When the house of cards tumbled and it looked like major banks were going to crumble under the weight of their own irresponsible actions. The government stepped. With our money. This was absolutely necessary and the banks knew it was necessary. Why was it necessary? Well in 1999 we repealed Glass-Steagall. A bill introduced and passed after the great depression that made it illegal for investment banks (risk taking gamblers) to gamble with the money of people’s savings accounts. When that got repealed, massive numbers of consumer banks merged with massive numbers of investment banks. And the money they were lending that caused the crash was the money in the average joe’s savings account. If the government hadn’t stepped in, everybody would have lost everything again.
So come back to this, the socialization of risk, and the privatization of profits. If one of these major banks makes bad decisions, the American people absorb the losses, and when their bad decisions work out, the banks pocket the profits.
This is a gross simplification of everything that happened and I suggest if you wish to come to a better understanding of why everything is so messed up right now, you check out books by Ph.D.’s in economics. I’m just a humble college dropout.
I’m still not done though. All the above was to demonstrate what I mean by the socialization of risk and the privatization of profits, and thus demonstrate what I mean when I make a distinction between de-regulation, and re-regulation. The government didn’t just tell F&F they could make these loans, they incentivised them to do so by threat of punishment should they not, and promise of reward if they did do this thing.
See how the market isn’t free? So if we don’t live in a capitalist country, then what is this? Well, it’s a new thing. Which is convenient for the politicians. When we were fighting fascists in WWII and communists during the cold war we ran our propaganda machines pretty hard against them. Neither of those things would fly in this country. Not blatantly.
So what we have is possibly worse. We have massive corporations that control the vast majority of wealth in this country. The total assets of the six largest banks in the country total 63% GDP. That is some incredibly buying power. If those banks fail by the way, we have seen, they will be bailed out with our money. When they make massive profits, they keep most of it for themselves. What do they do with this money? Well they’d like us to think they spend it all on jets and yachts, and expensive champaign. In reality, they leverage their buying power in the political marketplace. Around 90% of candidates elected in this country are those with the most money. Where does that money come from? Well of the greatest contributors to each of 2012’s presidential candidates. Goldman Sachs, Citigroup, J.P. Morgan Chase, and Morgan Stanley contributed to both of them. That’s just the official numbers. Who knows how many loopholes are exploited to ensure that major financial institutions can swing elections as they please? I do not. I expect it’s more than a few.

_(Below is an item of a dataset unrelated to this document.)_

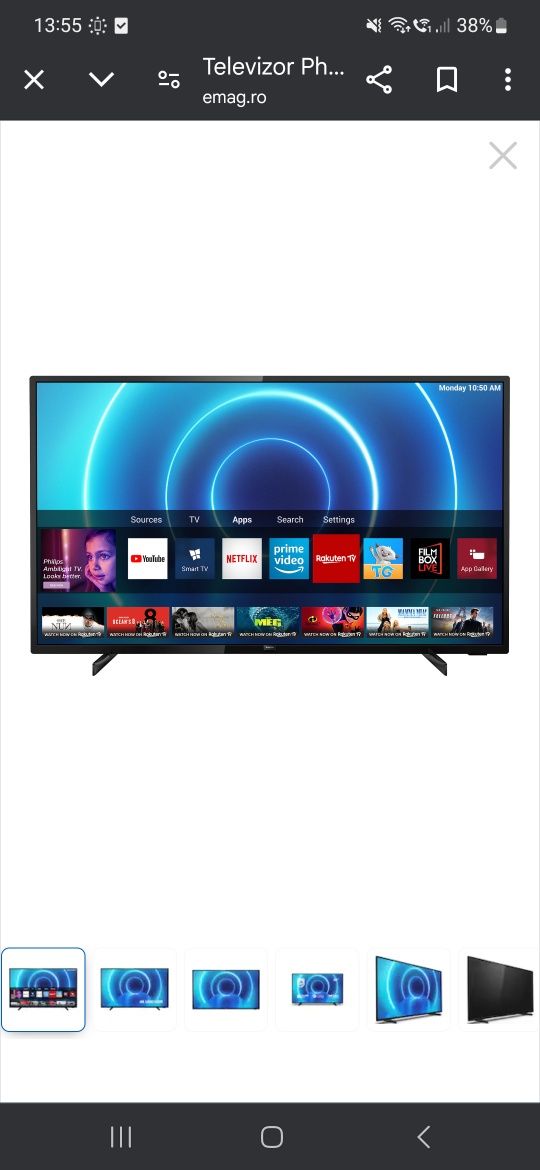 Televizor Philips 58PUS7505/12, 146 cm, Smart, 4K Ultra HD, LED, Clasa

So here is what we know. The major financial institutions have the greatest sway over who is elected to office (money). The politicians that have been elected with the money of those institutions recently re-regulated the financial industry to enable those in that industry to make a significant amount of money in the short term. The government also then handed over taxpayer dollars when the house of cards fell.
Bank of America recently was found to be foreclosing on homes they couldn’t actually prove they owned. Last time I checked a poor person can go to prison for stealing a car. Bank of America was stealing the homes of thousands of people and they just got fined.
In the end, the name of this kind of government will be determined by future generations. For now, I’ll just have to sum it up by saying: I don’t know what to call it, but it sure does suck.